TASK DESCRIPTION:
Write again exactly the lines in the listing below, starting at the line with "Women's Fitness Gym" and ending at the line with "The Palazzo Ducale", both included. Pictures are not copied.

LISTED RECORDS:

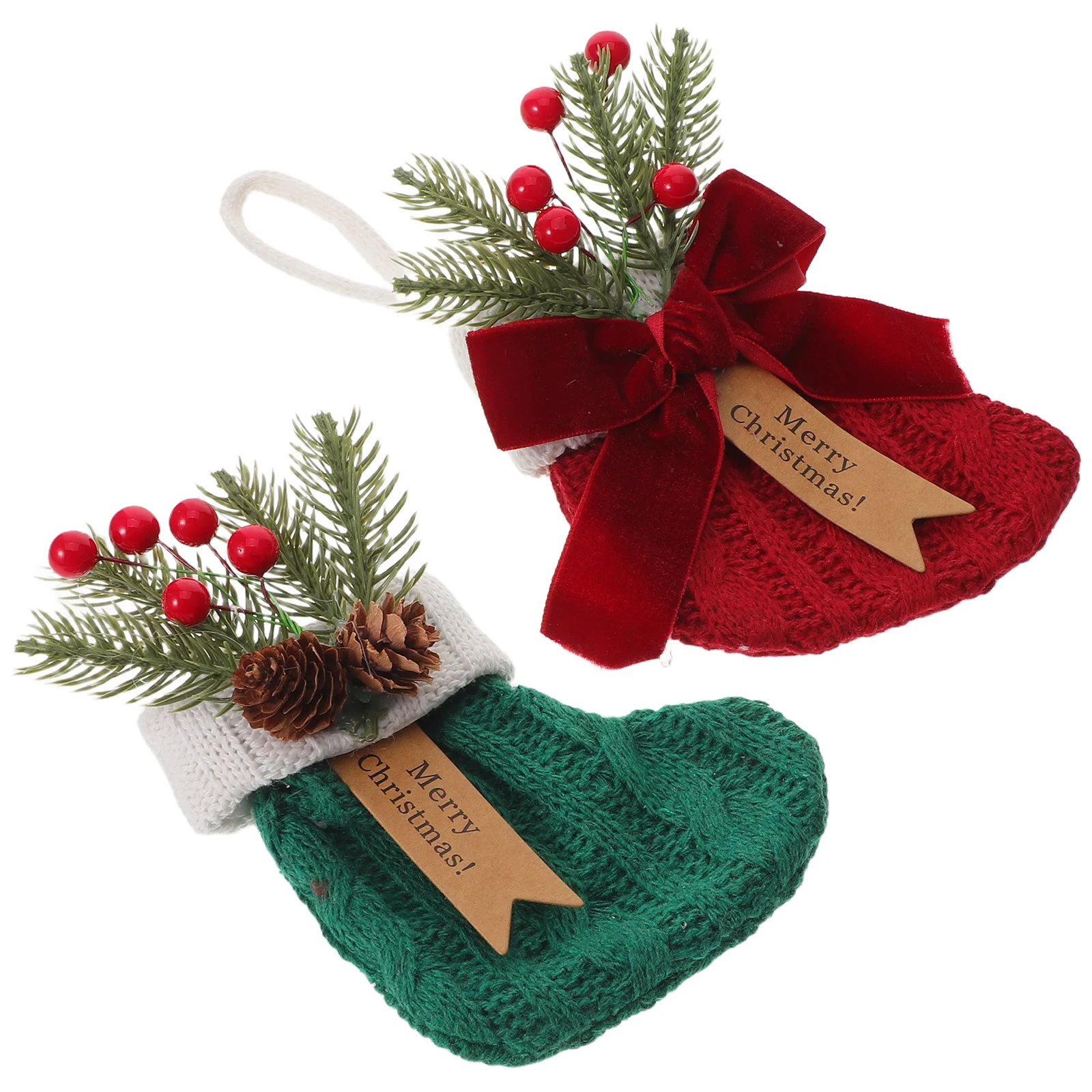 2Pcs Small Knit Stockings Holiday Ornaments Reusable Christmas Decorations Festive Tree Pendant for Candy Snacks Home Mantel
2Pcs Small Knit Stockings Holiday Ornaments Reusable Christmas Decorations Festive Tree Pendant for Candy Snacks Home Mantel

--

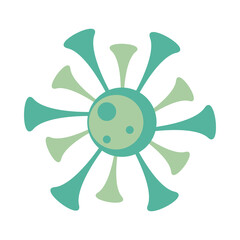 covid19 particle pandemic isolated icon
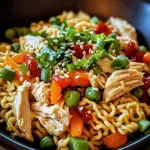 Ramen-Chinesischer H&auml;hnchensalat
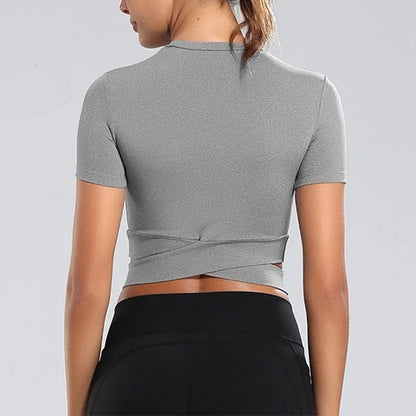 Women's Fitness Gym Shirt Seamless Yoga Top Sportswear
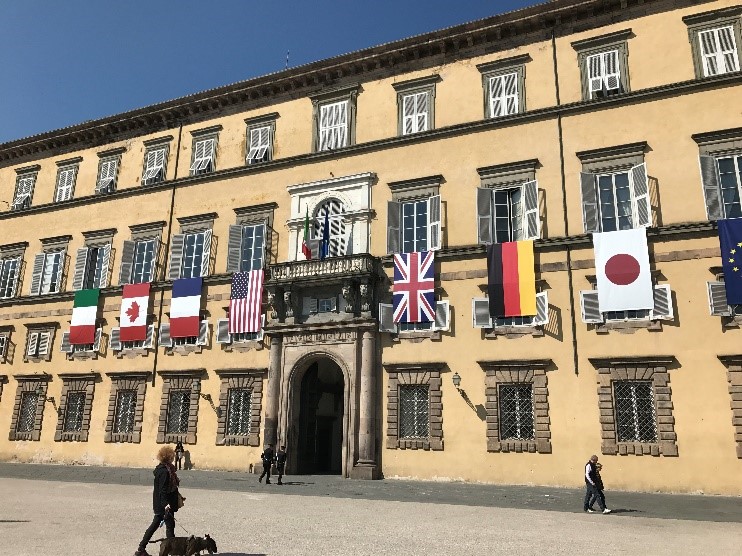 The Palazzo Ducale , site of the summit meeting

EXERCISE SOLUTION:
 Women's Fitness Gym Shirt Seamless Yoga Top Sportswear
 The Palazzo Ducale , site of the summit meeting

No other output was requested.